On February 8, 2013, the Department of Labor (the “DOL”) issued Advisory Opinion 2013-01A in response to a written request from the Securities Industry and Financial Markets Association (“SIMFA”), regarding the application of certain ERISA requirements to “cleared swap” transactions involving plans subject to ERISA. Effective September 9, 2013, certain types of swaps with an ERISA plan as a counterparty generally must be cleared through certain clearing organizations (as discussed in the December 4, 2012 Financial Services Alert). Prior to the issuance of this Advisory Opinion many swap clearing organizations, clearing members of such organizations and futures commission merchants had expressed concern that engaging in cleared swaps (and related transactions) with ERISA plans could subject such organizations to fiduciary liability under ERISA. Specifically, the Advisory Opinion clarifies the following, subject to the conditions discussed below:
- Margin Is Not a “Plan Asset.” The DOL clarified that margin received from an ERISA plan and held by a swap clearing member is not a “plan asset” for purposes of ERISA. Instead, when an ERISA plan engages in a cleared swap transaction, its asset consists of the rights embodied in the swap contract between the plan and the clearing member (including the rights regarding margin).

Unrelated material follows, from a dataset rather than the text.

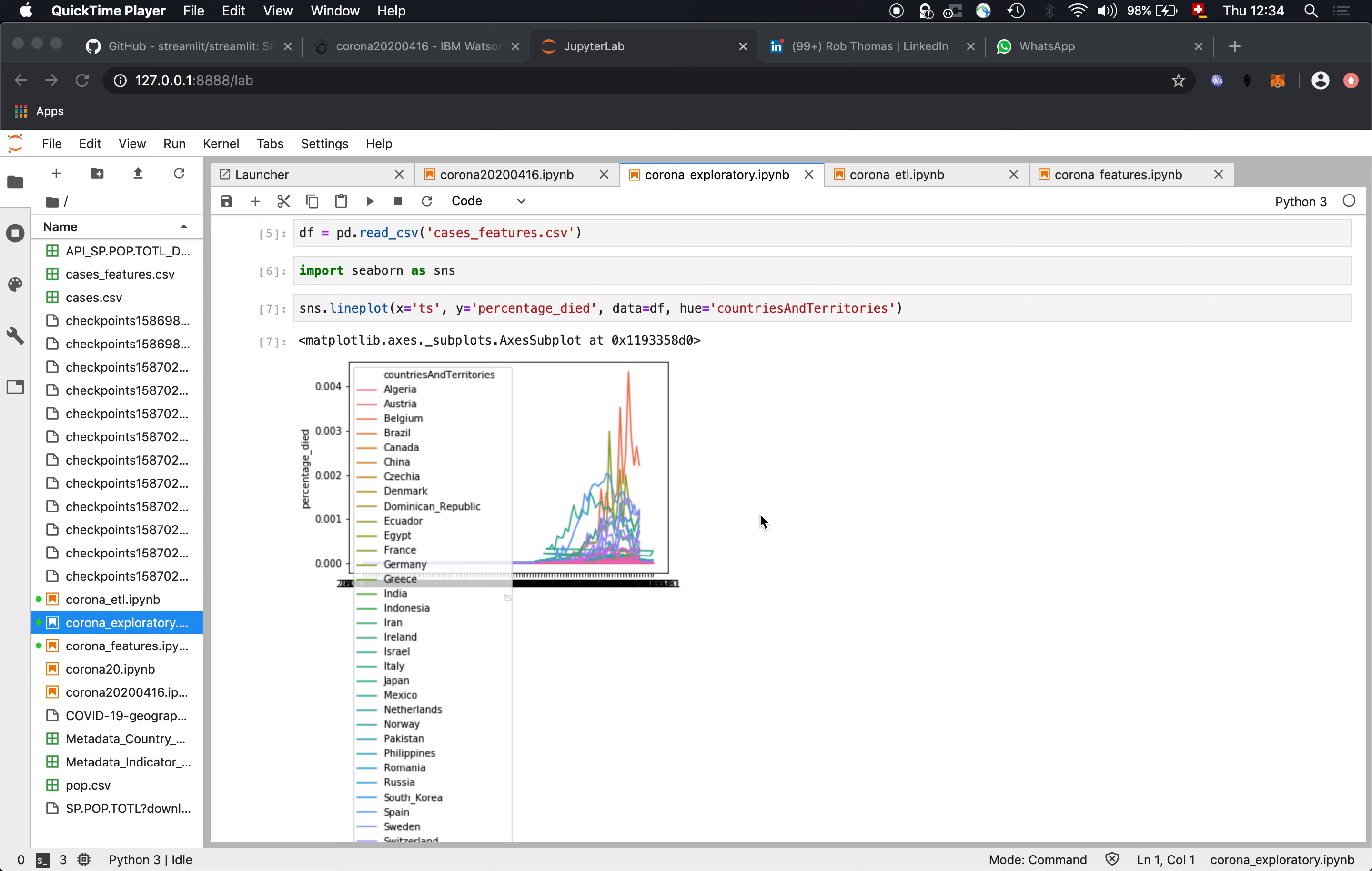So another update about the Corona data. For those who have watched my last videos, I'm now preparing the data and normalizing against the population of each country. And then you see here the percentage of the population who died.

- Exercise of Rights Upon Default and Other Specified Events by a Clearing Member Does Not Result in Fiduciary Status. The Advisory Opinion explains that a clearing member that exercises its rights pursuant to an agreement negotiated with an ERISA plan’s fiduciary would not be “exercising any authority and control with regard to plan assets and would not be a plan fiduciary . . . solely by reason of liquidating the swap contracts in a plan’s account and selling any collateral posted as margin in order to pay off losses suffered by such account.”
- Clearing Members Are “Parties in Interest” to ERISA Plans. The DOL concluded that a clearing member that enters into a direct contractual agreement with an ERISA plan provides a service to the plan and is therefore a “party in interest” with respect to such plan. Consequently, an exemption from ERISA’s prohibited transaction rules must be available in order to enter into any such arrangement. Pursuant to the Advisory Opinion, swap central counterparties (i.e., the clearing organization) would not be deemed to be “parties in interest” to ERISA plans solely by reason of providing swap clearing services to a plan’s clearing member because such central counterparties do not provide services directly to the plan.

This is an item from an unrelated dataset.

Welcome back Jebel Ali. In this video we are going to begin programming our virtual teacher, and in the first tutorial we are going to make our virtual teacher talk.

- QPAM Exemption Relief. As noted above, because a clearing member providing services to an ERISA plan is considered a “party in interest” to such ERISA plan, an exemption from ERISA’s prohibited transaction rules must be available in order to enter into any such arrangement. The DOL explained that Prohibited Transaction Exemption 84-14, the so called “QPAM Exemption” (granting relief to transactions entered into on behalf of an ERISA plan by a “qualified professional asset manager,” or a “QPAM”) would generally be available (assuming all other conditions of the QPAM Exemption are met) to the extent that (i) a QPAM negotiates and makes the decision on behalf of the plan to enter into the services arrangement and (ii) the agreement entered into by the QPAM “sets forth all of the material terms of the provision of services and guarantee” by the clearing member. Further, the DOL explained that the QPAM Exemption can provide relief for the guarantee provided by the clearing member and liquidation and close-out transactions executed by a clearing member if the agreement covering the primary swap transaction (i.e., the agreement to provide swap clearing services) “contains sufficient terms of the subsidiary transaction such that the potential outcomes of the subsidiary transactions are reasonably foreseeable to the QPAM when entering into the [a]greement.”

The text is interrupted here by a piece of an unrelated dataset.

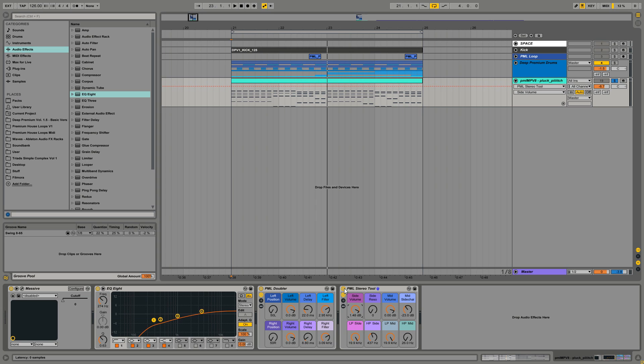For templates, presets, and sample packs, visit us on productionmusiclive.com and happy holidays! Bye!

The DOL stressed in the Advisory Opinion that an ERISA plan’s decision to enter into any swap arrangement remains a fiduciary action subject to ERISA’s general fiduciary duties and standards. Finally, the DOL confirmed that it had conferred with Commodity Futures Trading Commission (“CFTC”) officials regarding the Advisory Opinion, who authorized the DOL to state that they “do not believe the conclusions reached in this [Advisory Opinion] are inconsistent” with the Commodity Exchange Act (the “CEA”) or “the CFTC’s regulation of cleared swap transactions under the CEA.”